One well-established principle of sanctions policy is that the country or group imposing the sanctions must be prepared to take yes for an answer.

Analysis | Washington Politics

In his address to the nation on Wednesday about Iran’s response to the U.S. assassination of a senior Iranian military leader, President Trump pledged that the United States “will immediately impose additional punishing sanctions on the Iranian regime.”

Two days earlier, angered by Iraqi threats to expel U.S. troops because the assassination of the Iranian general was carried out on Iraqi territory, Trump promised to hit Iraq with “sanctions like they’ve never seen before, ever.”

With those statements, the president revived a debate that has been going on since long before the creation of this country: Do economic sanctions work? Are they an effective tool of foreign policy?

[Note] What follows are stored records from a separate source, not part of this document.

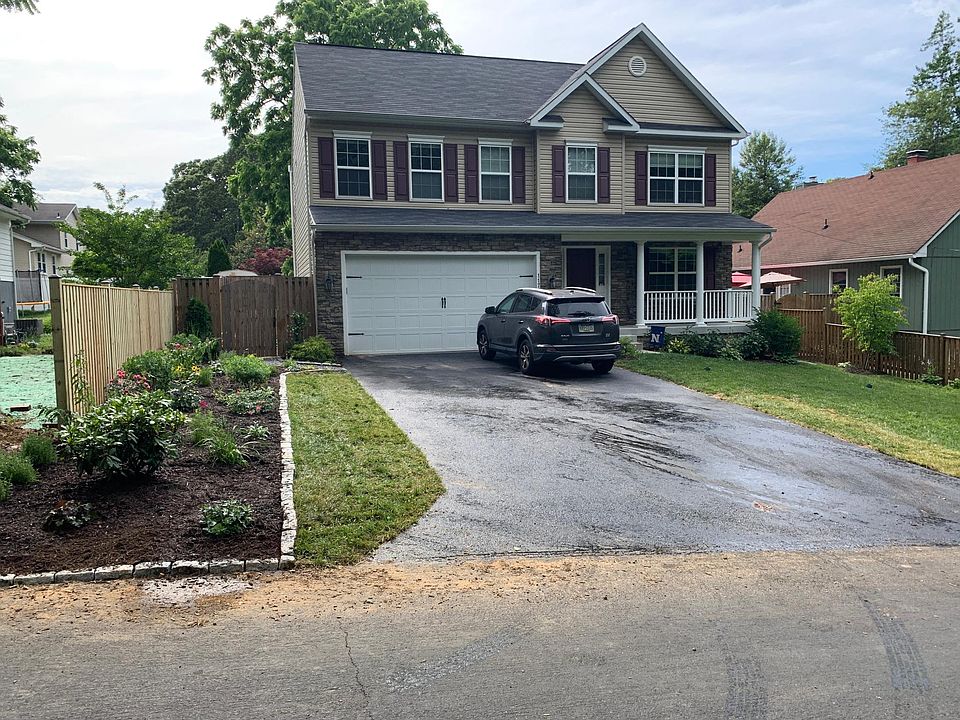 1st image of 1176 Latrobe Dr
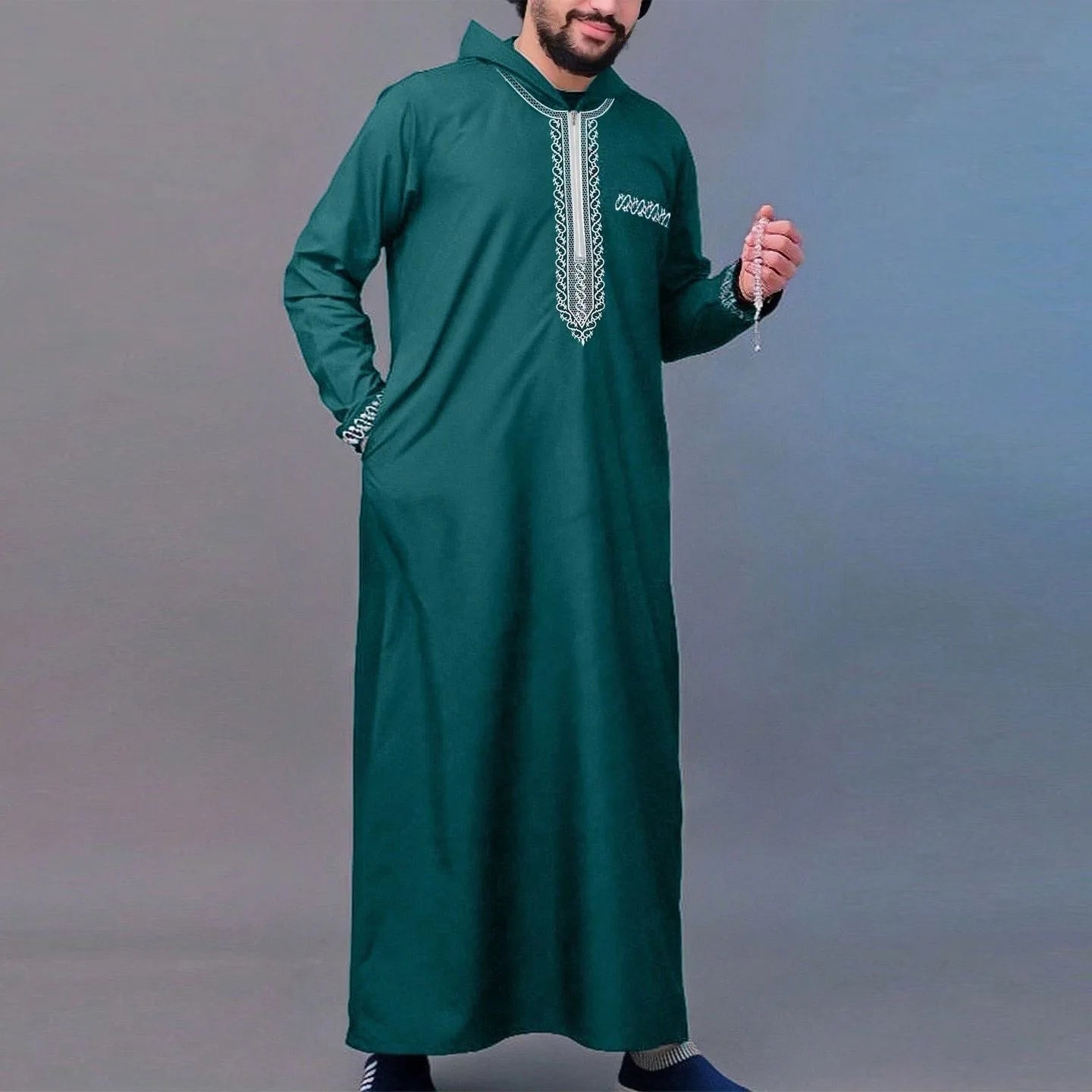 Robe longue élégante rétro brodée du Moyen-Orient pour hommes musulmans, vêtement ethnique islamique à capuche, tenue décontractée au design simple et élégant - FATAONRobe longue élégante rétro brodée du Moyen-Orient pour hommes musulmans, vêtement ethnique islamique à capuche, tenue décontractée au design simple et élégantMode HommeFATAON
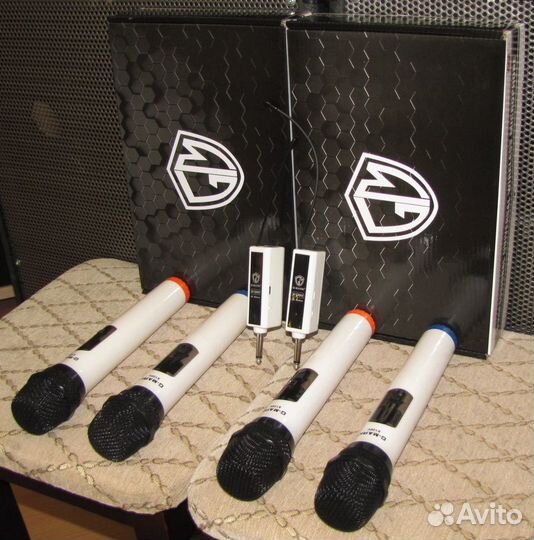 Микрофоны вокальные 4шт радио C-Mark X120V Pro New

The president clearly thinks the answer is yes, but in truth it is much more complicated. Sometimes sanctions bring about the desired result, but more often they do not, and on occasion they can backfire.

"Sanctions have become a cheap way of doing foreign policy, except the costs are often really quite terrible," observed John Mueller, a political scientist at the University of Rochester.

It is certainly true that presidents and organizations often resort to sanctions because they appear to be low-cost, risk-free, bloodless instruments of leverage. That’s what the elders of the Greek city-state of Athens thought in 432 B.C. when they imposed a trade embargo on nearby Megara. One result of that decision was the outbreak of the Peloponnesian War.

In modern times, the United States and the United Nations have imposed sanctions and trade embargoes on countries and individuals all over the world, over issues ranging from nuclear proliferation to the failure to protect sea turtles. In general, the sanctions have been successful only when accepted and enforced by all or a great majority of nations.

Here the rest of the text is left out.